Caption-style text data
##############################
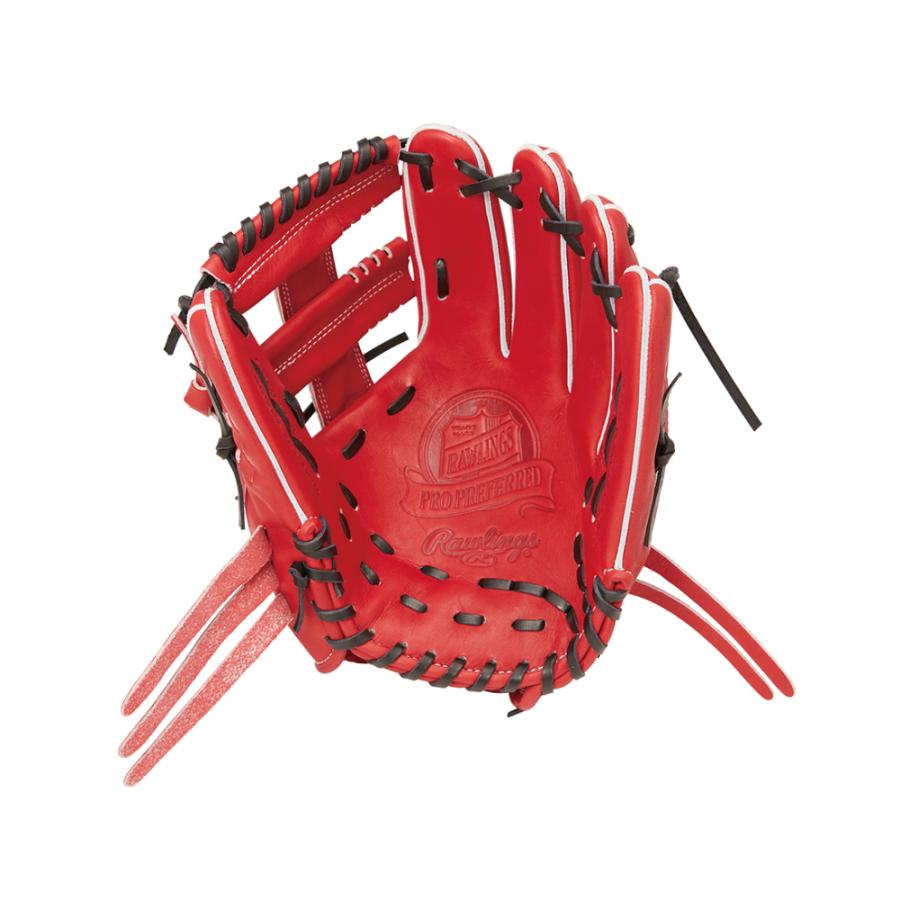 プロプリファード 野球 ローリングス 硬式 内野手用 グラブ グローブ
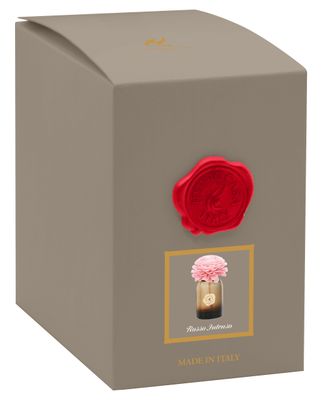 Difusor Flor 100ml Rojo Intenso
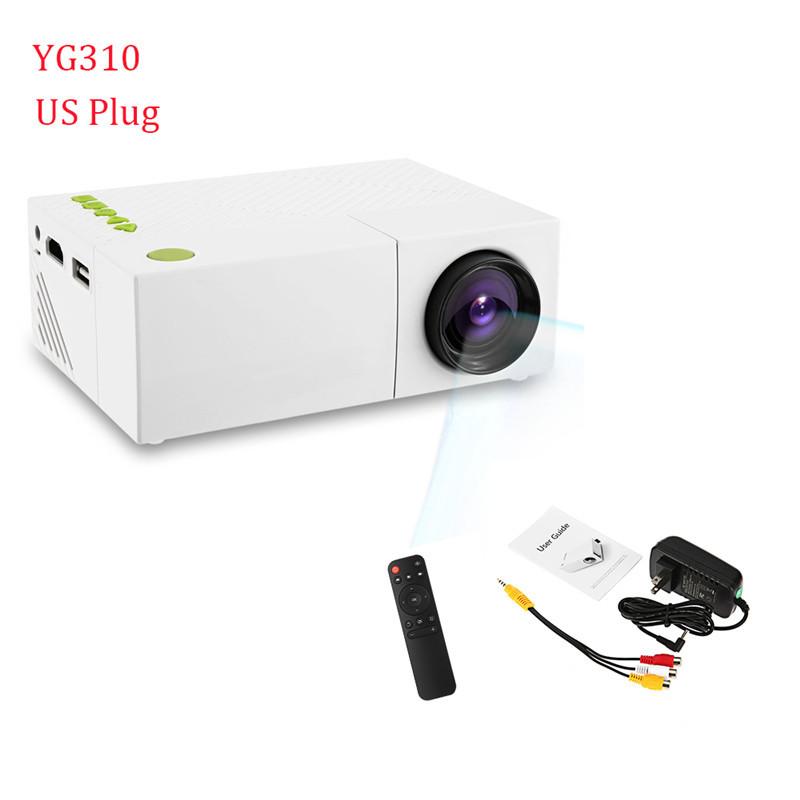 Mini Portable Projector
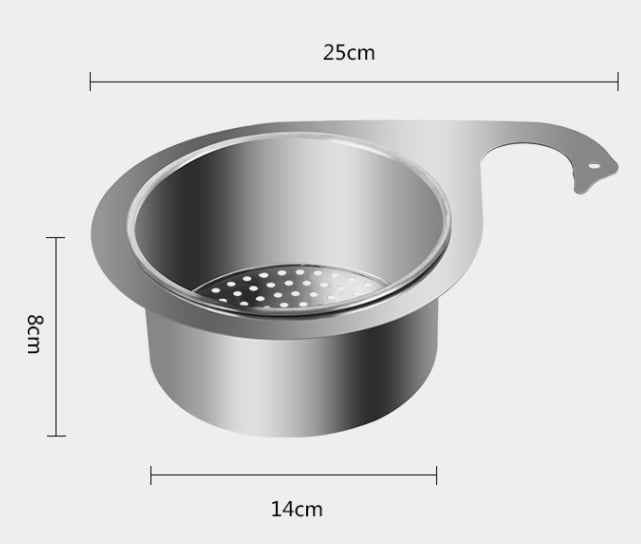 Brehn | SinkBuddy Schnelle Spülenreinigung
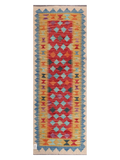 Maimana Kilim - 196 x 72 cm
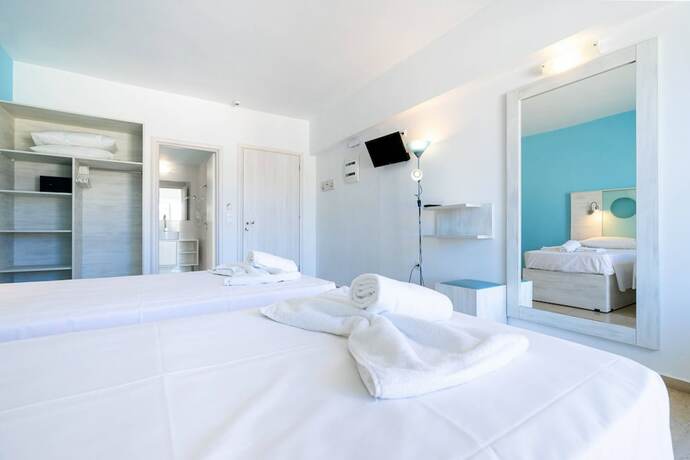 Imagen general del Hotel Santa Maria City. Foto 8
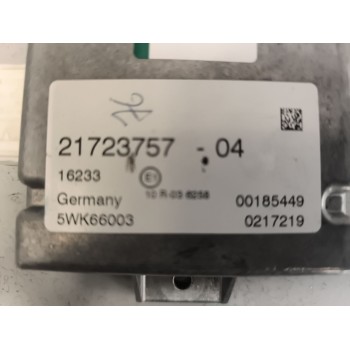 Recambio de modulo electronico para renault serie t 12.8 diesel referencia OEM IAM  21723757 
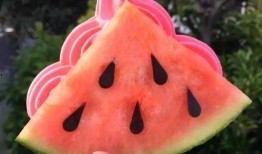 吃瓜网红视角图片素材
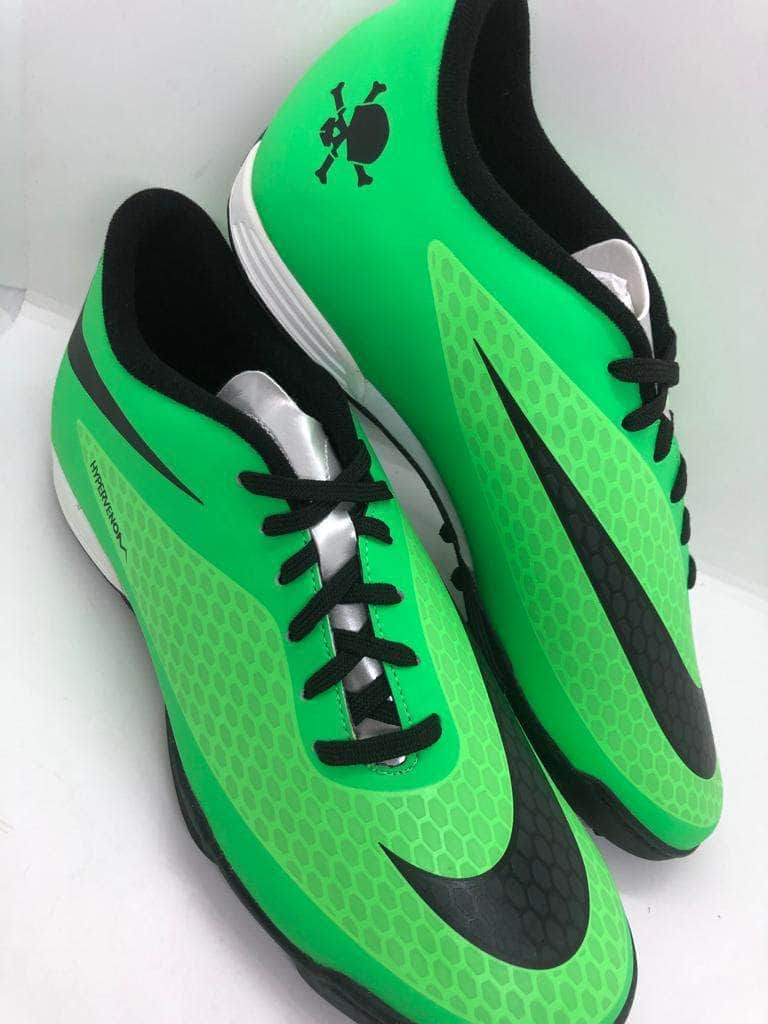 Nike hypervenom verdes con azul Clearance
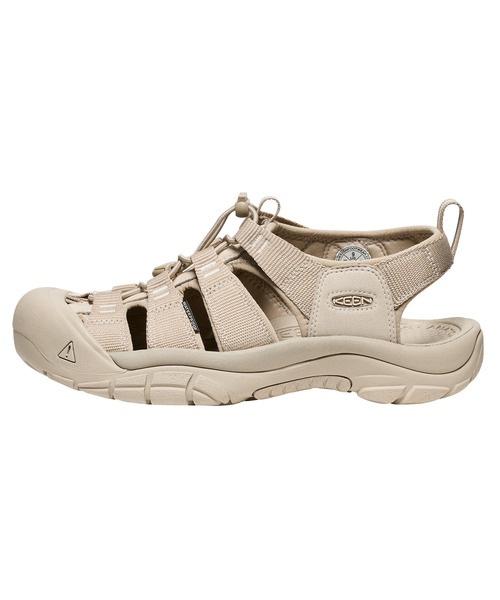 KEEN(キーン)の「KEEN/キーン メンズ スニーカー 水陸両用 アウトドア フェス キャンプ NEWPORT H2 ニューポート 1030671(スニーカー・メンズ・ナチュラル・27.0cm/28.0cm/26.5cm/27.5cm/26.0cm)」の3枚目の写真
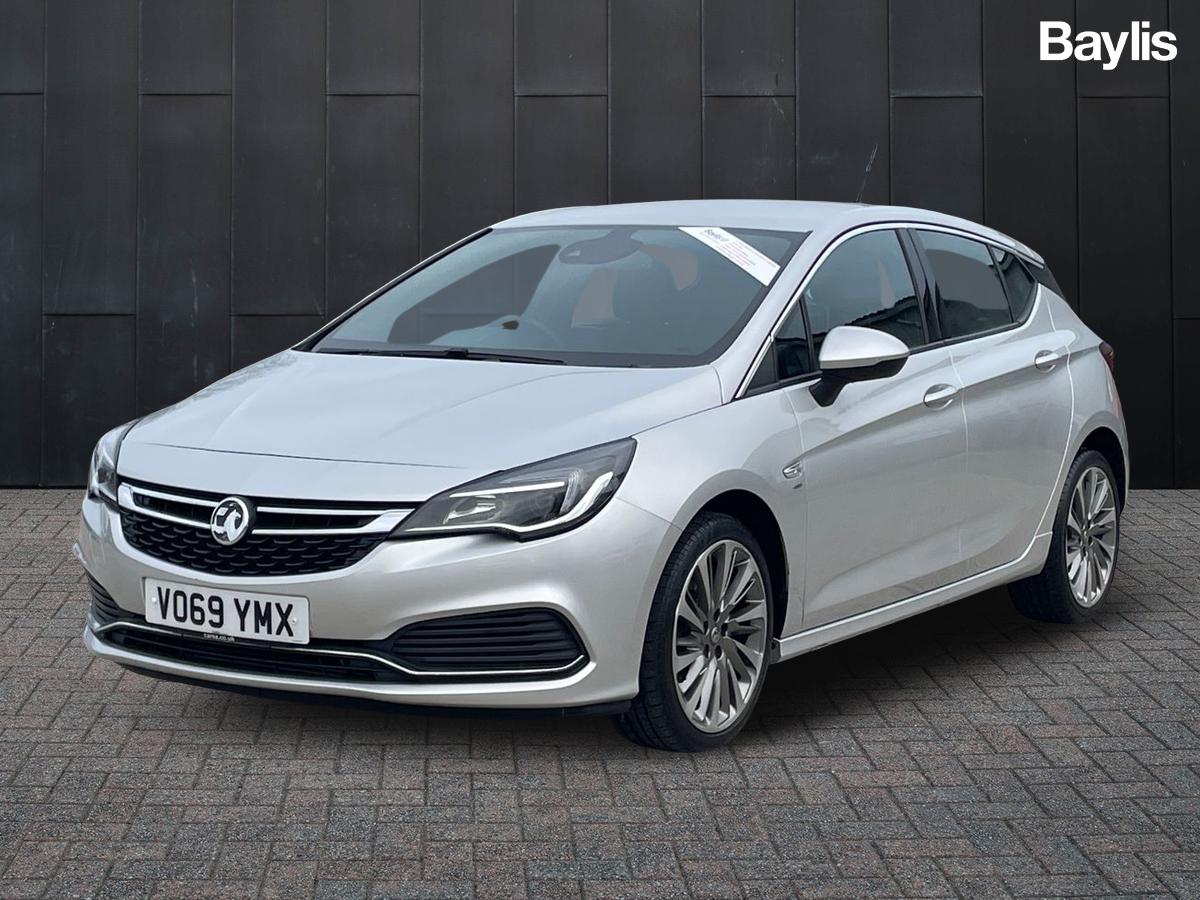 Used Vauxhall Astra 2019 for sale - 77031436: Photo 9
##############################
### WHAT YOU HAVE TO DO
Using the data above, output the line that has "Difusor Flor 100ml Rojo Intenso", the line that has "KEEN(キーン)の「KEEN/キーン メンズ スニーカー", and whatever lines fall between, each exactly as it stands and without pictures.

### EXERCISE SOLUTION
 Difusor Flor 100ml Rojo Intenso
 Mini Portable Projector
 Brehn | SinkBuddy Schnelle Spülenreinigung
 Maimana Kilim - 196 x 72 cm
 Imagen general del Hotel Santa Maria City. Foto 8
 Recambio de modulo electronico para renault serie t 12.8 diesel referencia OEM IAM  21723757 
 吃瓜网红视角图片素材
 Nike hypervenom verdes con azul Clearance
 KEEN(キーン)の「KEEN/キーン メンズ スニーカー 水陸両用 アウトドア フェス キャンプ NEWPORT H2 ニューポート 1030671(スニーカー・メンズ・ナチュラル・27.0cm/28.0cm/26.5cm/27.5cm/26.0cm)」の3枚目の写真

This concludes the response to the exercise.